Investments in VPP-related companies are surging. BloombergNEF estimates that the global market for demand response and VPPs could be worth over 50 billion dollar by 2030.

Where are VPP’s already active?

United States

The US is a leader thanks to strong incentives and well-developed programs. In California, VPPs connect tens of thousands of households with Tesla Powerwalls. In Texas, during the 2023 heatwaves, VPPs proved their worth by preventing blackouts through massive power delivery.

Europe

Germany is a pioneer, driven by widespread adoption of solar panels and batteries. Companies like Sonnen manage large virtual power plants with hundreds of thousands of small installations. The UK and France are also integrating VPPs into their capacity markets.

Asia

Japan has heavily focused on VPPs since the Fukushima disaster. Australia is a prime example with the Tesla VPP project in South Australia, where tens of thousands of homes with Powerwalls collectively form a power plant with hundreds of megawatts of capacity.
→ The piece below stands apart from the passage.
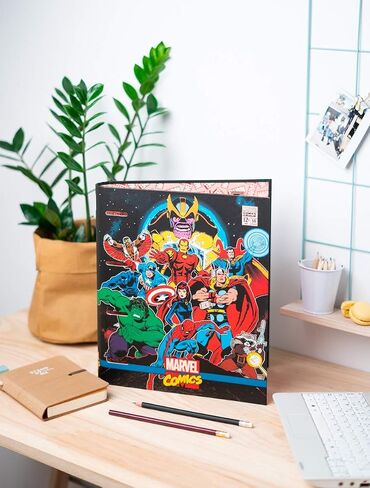 Marvel Avengers 4 Ring Binder - A4 Size - 10.6 x 12.6 inches - 4 Rings in Saudi Arabia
“From California to Canberra: virtual power plants are becoming a tangible reality.”

Where are we now?

Today, VPPs are still in an early stage of development, but their growth trajectory is steep. According to Wood Mackenzie, global VPP capacity could exceed 150 GW by 2030—equivalent to 150 nuclear power plants. This is good news, as this flexibility is crucial for accelerating the energy transition.

Institutional investors are showing increasing interest because VPPs are asset-light (no large physical construction required), rapidly scalable, and provide a direct solution to grid congestion. The investment case combines growth potential with societal relevance.

Future outlook: from experiment to core component

The future of VPPs looks promising:

• Integration with AI: Advanced algorithms will predict and manage supply and demand even more intelligently.
• New markets: Electric vehicles will be widely used as “rolling batteries,” potentially providing over 30 TWh of flexible storage globally by 2030.
• Regulation: Policymakers are accelerating adoption by opening markets to distributed resources.
• Financial innovation: VPPs are increasingly traded on energy markets as if they were conventional power plants.

However, challenges remain: cybersecurity, lagging regulations, and creating sufficient incentives for consumers to participate.

At Econopolis, our fund managers keep a close eye on developments, seeking the perfect balance between opportunities and challenges in their investments.

The Bigger Picture: How do we truly meet rising demand?

The growing demand for electricity cannot be met with a single solution. It will require a mix:

• Nuclear energy: Provides stable baseload but has long construction times and high capital costs.
• Gas plants: Quickly deployable but CO₂-intensive and not future-proof.
• Renewable energy: Cheap and clean but variable.
• Storage and VPPs: Enable the management of variability and prevent blackouts.

 “The power plant of the future has no walls, only millions of tiny switches.”

Conclusion: An investment opportunity in the making

Electricity demand will only grow in the coming decades. Traditional solutions fall short in flexibility, speed, and sustainability. VPPs fill this gap. They are digital, scalable, and perfectly aligned with the megatrends of electrification and decarbonization.

For equity investors, VPPs offer a unique opportunity: a growth market that delivers both economic returns and societal value. The question is not whether VPPs will reshape the energy market, but when — and who will seize the opportunity in time.

The power plant of the 21st century no longer sits on the edge of town with a plume of smoke. It is spread across our rooftops, in our cars, and in our batteries—invisibly connected by software, but tangible in its impact.